The administration handed out vast amounts of taxpayer money to bail out the banks in the aftermath of the Lehman meltdown, and also abolished mark-to-market accounting so the banks could hide their true condition. The banks immediately seized this opportunity to assert that they were now making money, and this justified handing out all the taxpayer money (and then some) in bonuses to officers and employees, stripping the banks of capital intended to allow them to survive.

However, even though the public may have been taken in, the markets have not been fooled by this chicanery.

This is your reality. Not inflation, or hyperinflation. And not a flight FROM US Treasuries and the US dollar, but a flight TOWARDS them. Yes, gold is higher; a totally predictable knee-jerk reaction. Once the bank stocks lose another 10%-20%-30%, which could happen in a manner of days at the rate we’re going, that will change too.

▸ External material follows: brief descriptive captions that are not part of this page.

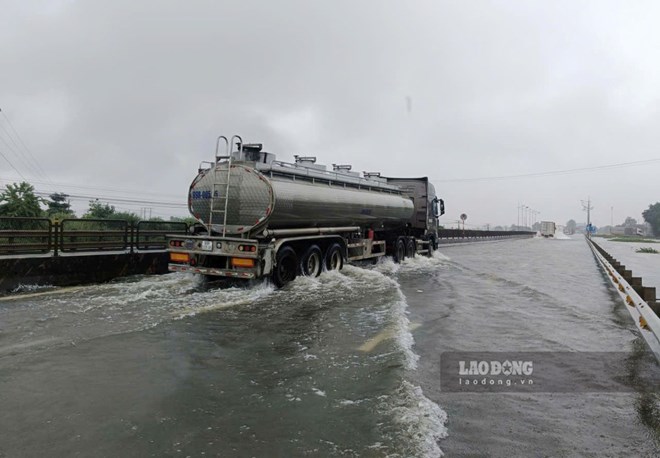 Deep flooding on National Highway 1A (section passing through Hoat Giang commune, Thanh Hoa province) makes it difficult for large trucks to circulate. Photo recorded on September 17, 2026: Quach Du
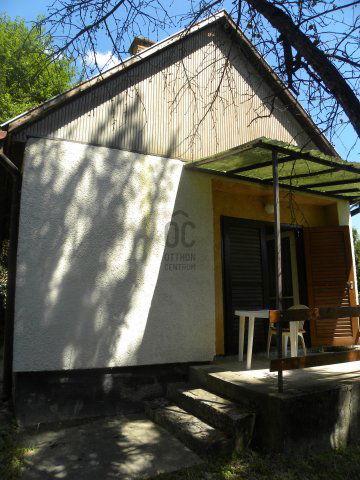 Eladó családi ház, Dunaszekcsőn 9.9 M Ft, 1 szobás
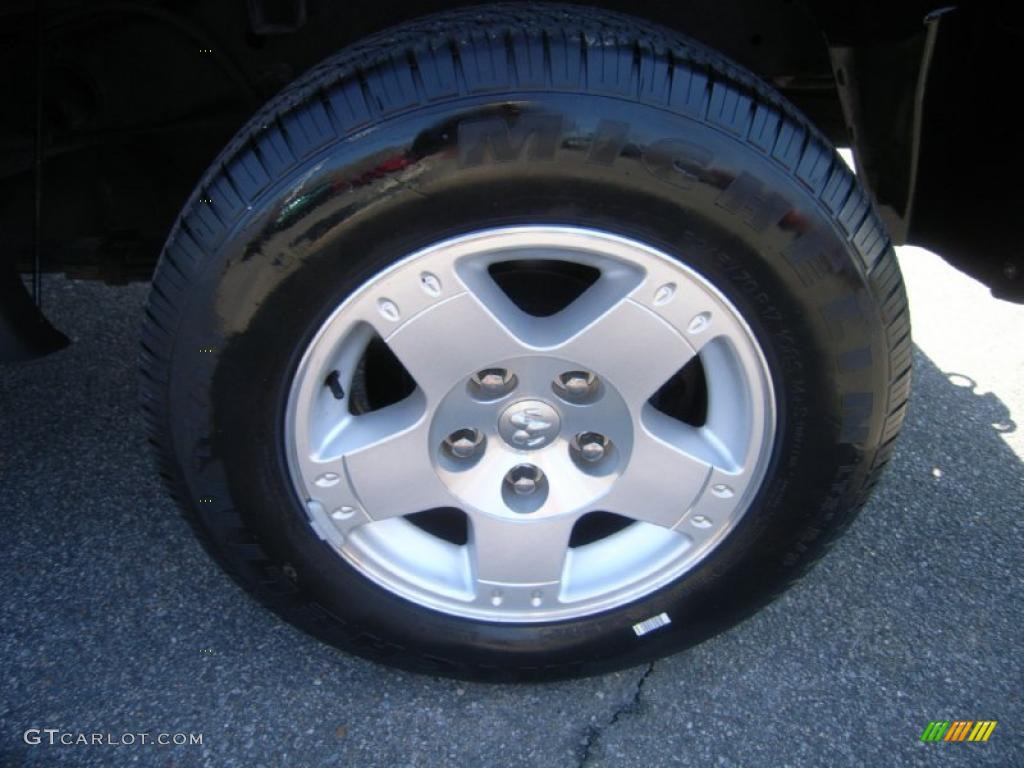 2005 Ram 1500 SLT Quad Cab - Bright Silver Metallic / Dark Slate Gray photo #23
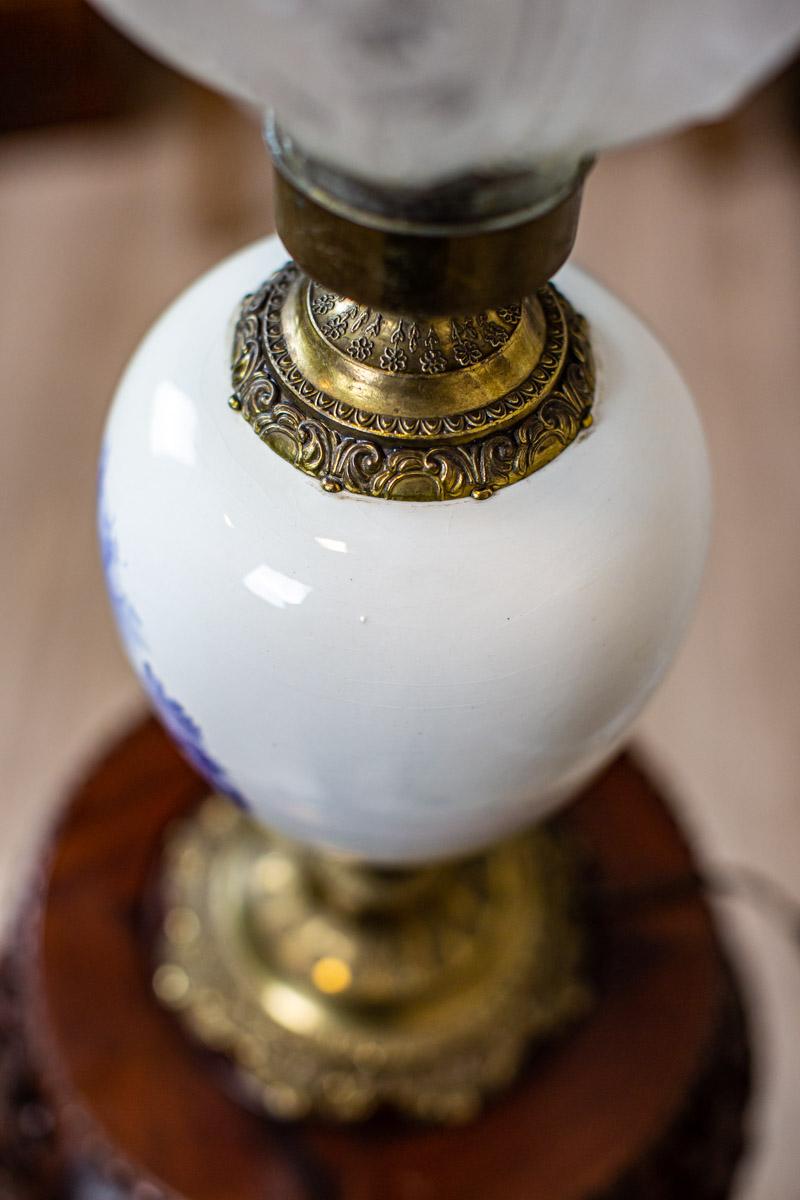 Brass and Faïence Table Lamp Stylized as Kerosene Lamp, circa the 1980s/1990s 6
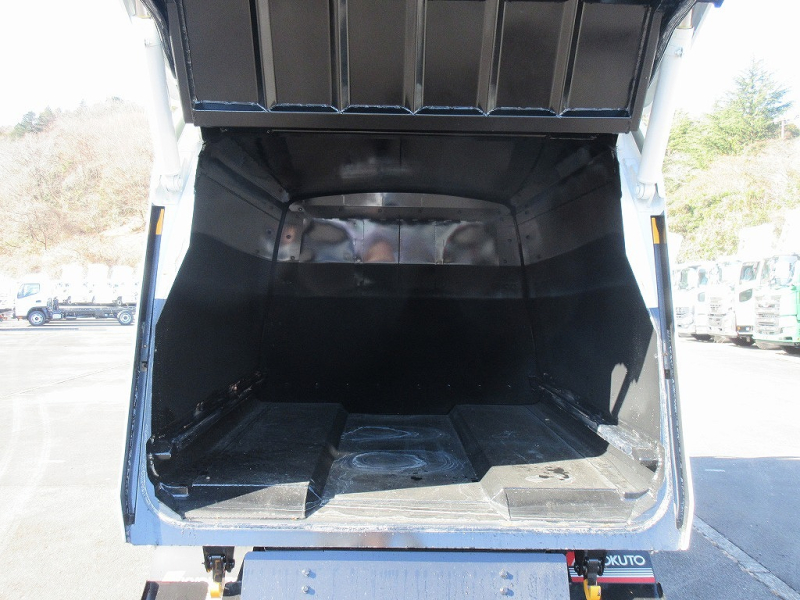 R7三菱キャンター3トンプレス式塵芥車5.3立米 *未使用車|中古トラックの販売・買取・査定のアイナビ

That is because the plummeting bank stocks represent the vanishing into nothingness of what I’ve named “zombie money”. In other words, it’s not a matter of people, investors, talking their money out of one place, asset, and into the other, it’s instead a matter of -virtual- money disappearing. That will take down the price of gold. An important issue to wrap your brains around. More about that later.

As zero hedge points out, it’s not that US debt is any miraculous panacea any more than Japanese debt under similar circumstances. It is just the least bad option.

Where else (besides bullion) can one put it? It’s not as though the money managers regard Treasury Bonds, Notes and Bills as the ultimate safe haven, though. To the contrary, they can see just as easily as you and I that the U.S. is headed for financial disaster. Even so, Treasury debt still looks like a good bet to be the last major asset class to collapse. Perhaps. But by how many days?

Good question. This inquiring mind is watching carefully. Very carefully.